### [WHAT IS EXPECTED]
From top to bottom, write out the listing exactly and skip every picture.

### [PROVIDED INFORMATION]
════

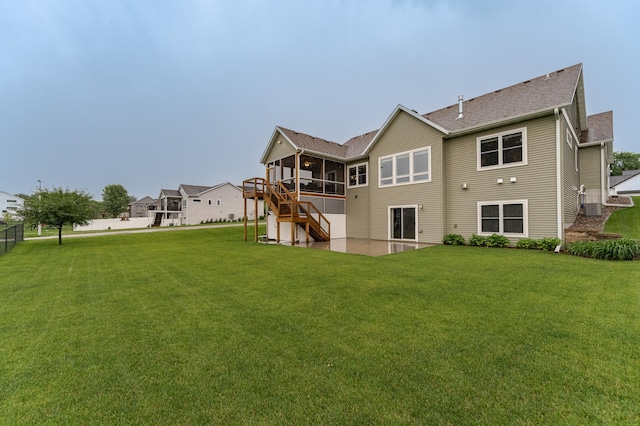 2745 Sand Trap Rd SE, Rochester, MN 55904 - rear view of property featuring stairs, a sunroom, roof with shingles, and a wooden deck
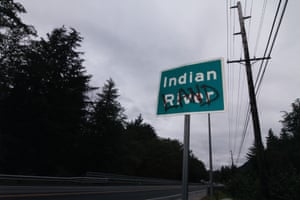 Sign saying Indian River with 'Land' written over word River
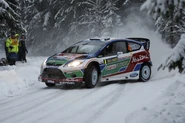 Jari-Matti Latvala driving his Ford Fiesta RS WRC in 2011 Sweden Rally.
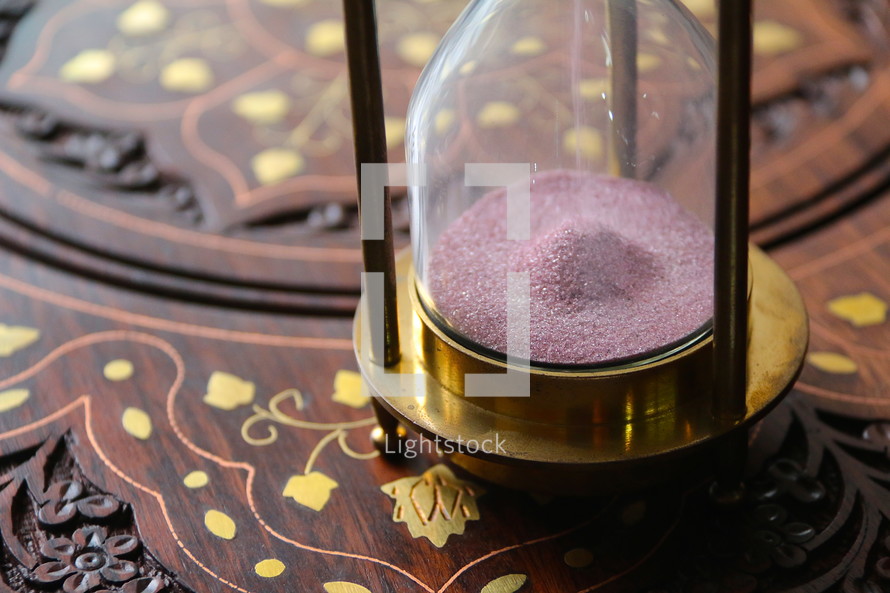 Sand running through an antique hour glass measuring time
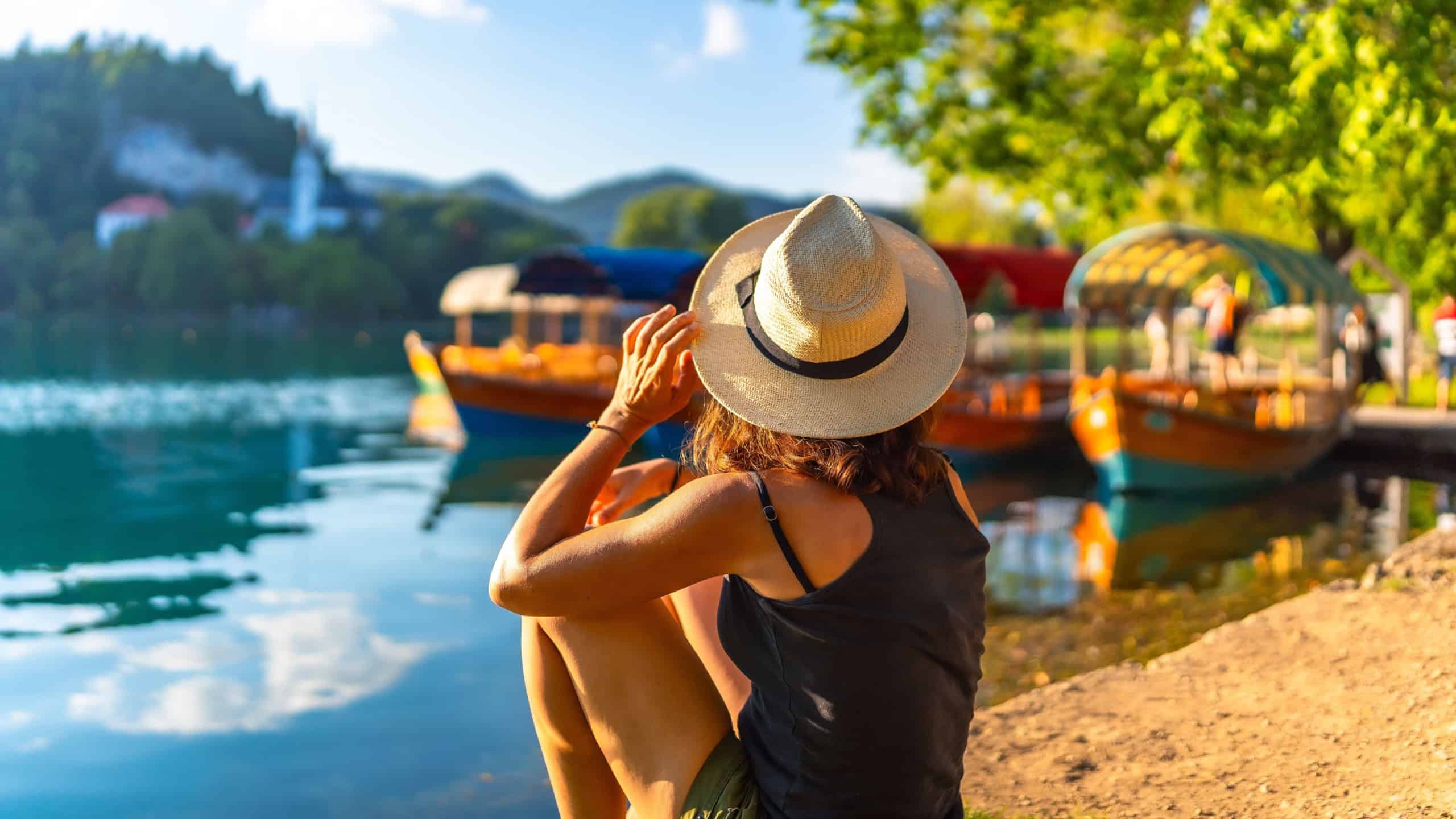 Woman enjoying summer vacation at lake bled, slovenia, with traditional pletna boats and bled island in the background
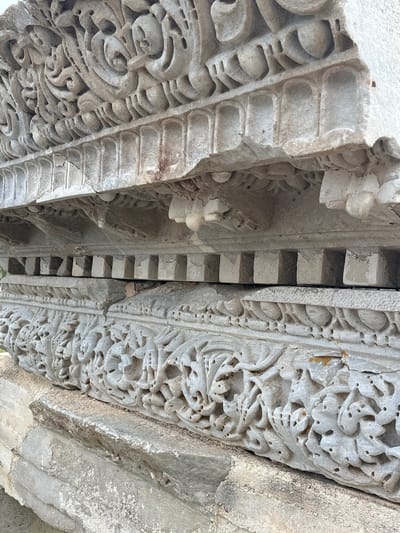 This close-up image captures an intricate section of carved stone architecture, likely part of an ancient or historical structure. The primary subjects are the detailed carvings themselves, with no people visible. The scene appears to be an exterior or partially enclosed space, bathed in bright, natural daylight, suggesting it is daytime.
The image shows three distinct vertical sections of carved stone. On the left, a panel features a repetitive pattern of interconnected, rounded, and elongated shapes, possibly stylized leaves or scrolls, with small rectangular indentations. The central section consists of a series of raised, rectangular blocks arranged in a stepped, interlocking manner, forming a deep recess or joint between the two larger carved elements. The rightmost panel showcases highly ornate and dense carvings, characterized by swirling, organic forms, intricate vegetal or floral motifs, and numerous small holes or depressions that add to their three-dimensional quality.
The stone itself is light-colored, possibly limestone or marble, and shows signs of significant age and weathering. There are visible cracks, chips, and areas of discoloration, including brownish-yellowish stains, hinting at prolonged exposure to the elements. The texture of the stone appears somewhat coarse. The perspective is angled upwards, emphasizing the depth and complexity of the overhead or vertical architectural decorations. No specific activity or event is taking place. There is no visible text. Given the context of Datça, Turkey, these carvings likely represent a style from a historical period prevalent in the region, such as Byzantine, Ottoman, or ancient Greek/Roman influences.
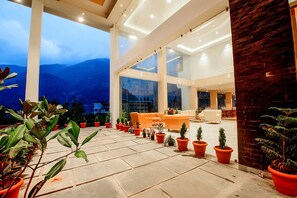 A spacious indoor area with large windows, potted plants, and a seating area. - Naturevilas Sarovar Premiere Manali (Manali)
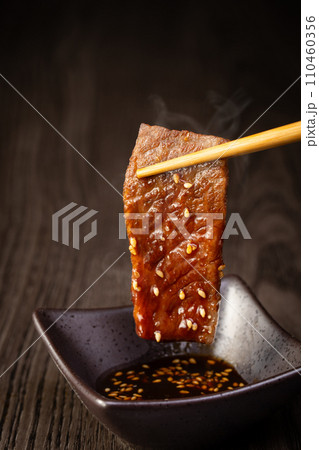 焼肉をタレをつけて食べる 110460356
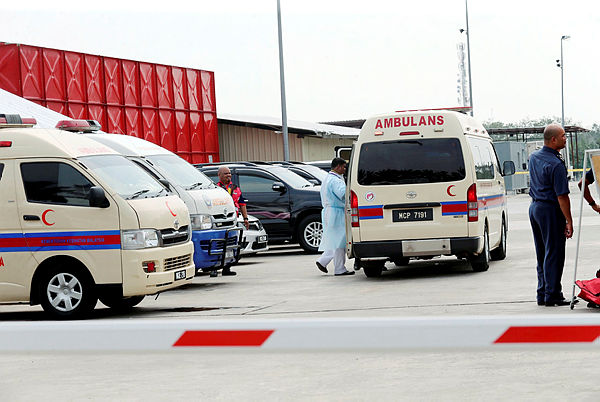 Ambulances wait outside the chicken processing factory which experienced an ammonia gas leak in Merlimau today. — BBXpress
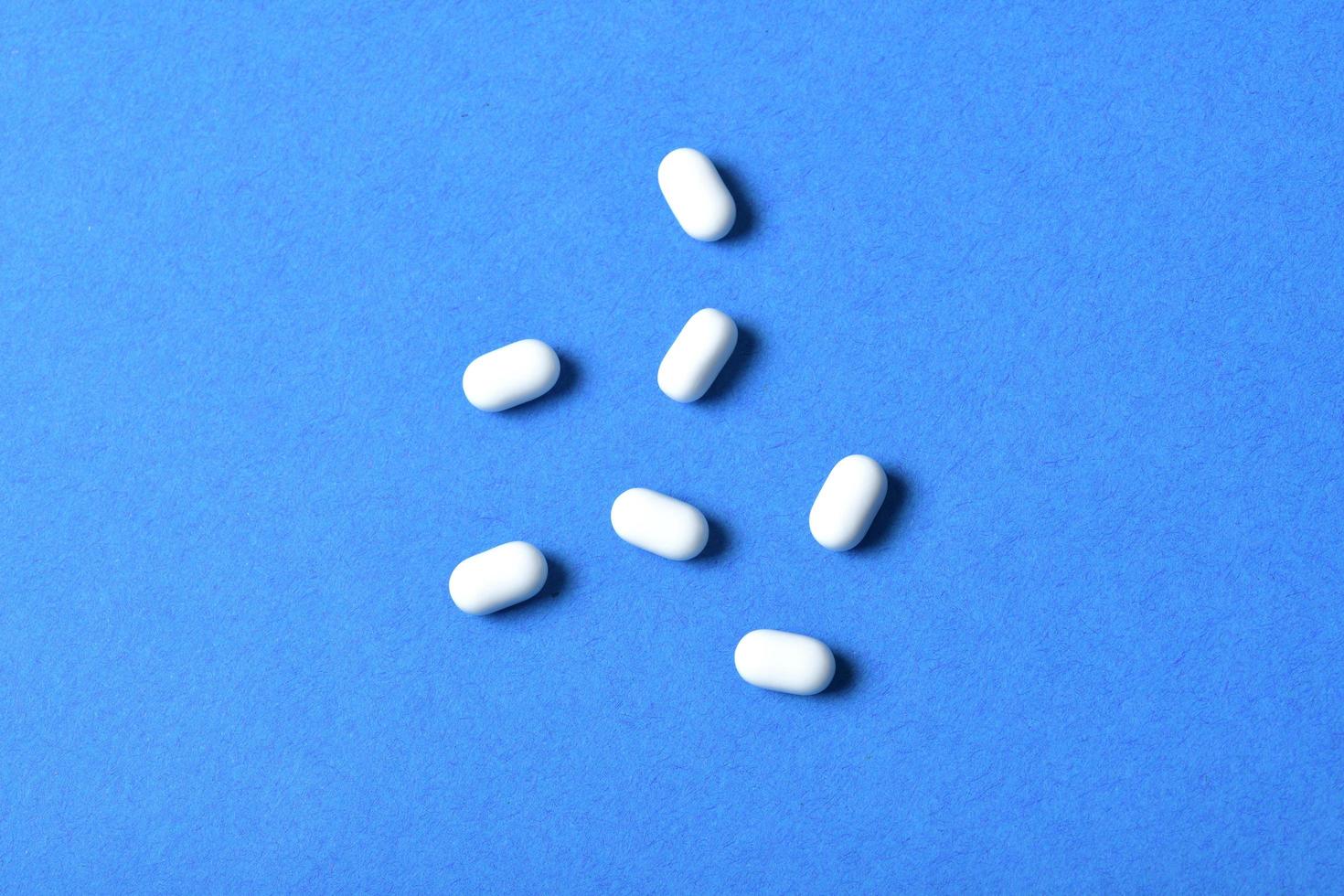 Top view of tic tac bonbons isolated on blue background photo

════

### [FINISHED EXERCISE]
 2745 Sand Trap Rd SE, Rochester, MN 55904 - rear view of property featuring stairs, a sunroom, roof with shingles, and a wooden deck
 Sign saying Indian River with 'Land' written over word River
 Jari-Matti Latvala driving his Ford Fiesta RS WRC in 2011 Sweden Rally.
 Sand running through an antique hour glass measuring time
 Woman enjoying summer vacation at lake bled, slovenia, with traditional pletna boats and bled island in the background
 This close-up image captures an intricate section of carved stone architecture, likely part of an ancient or historical structure. The primary subjects are the detailed carvings themselves, with no people visible. The scene appears to be an exterior or partially enclosed space, bathed in bright, natural daylight, suggesting it is daytime.
The image shows three distinct vertical sections of carved stone. On the left, a panel features a repetitive pattern of interconnected, rounded, and elongated shapes, possibly stylized leaves or scrolls, with small rectangular indentations. The central section consists of a series of raised, rectangular blocks arranged in a stepped, interlocking manner, forming a deep recess or joint between the two larger carved elements. The rightmost panel showcases highly ornate and dense carvings, characterized by swirling, organic forms, intricate vegetal or floral motifs, and numerous small holes or depressions that add to their three-dimensional quality.
The stone itself is light-colored, possibly limestone or marble, and shows signs of significant age and weathering. There are visible cracks, chips, and areas of discoloration, including brownish-yellowish stains, hinting at prolonged exposure to the elements. The texture of the stone appears somewhat coarse. The perspective is angled upwards, emphasizing the depth and complexity of the overhead or vertical architectural decorations. No specific activity or event is taking place. There is no visible text. Given the context of Datça, Turkey, these carvings likely represent a style from a historical period prevalent in the region, such as Byzantine, Ottoman, or ancient Greek/Roman influences.
 A spacious indoor area with large windows, potted plants, and a seating area. - Naturevilas Sarovar Premiere Manali (Manali)
 焼肉をタレをつけて食べる 110460356
 Ambulances wait outside the chicken processing factory which experienced an ammonia gas leak in Merlimau today. — BBXpress
 Top view of tic tac bonbons isolated on blue background photo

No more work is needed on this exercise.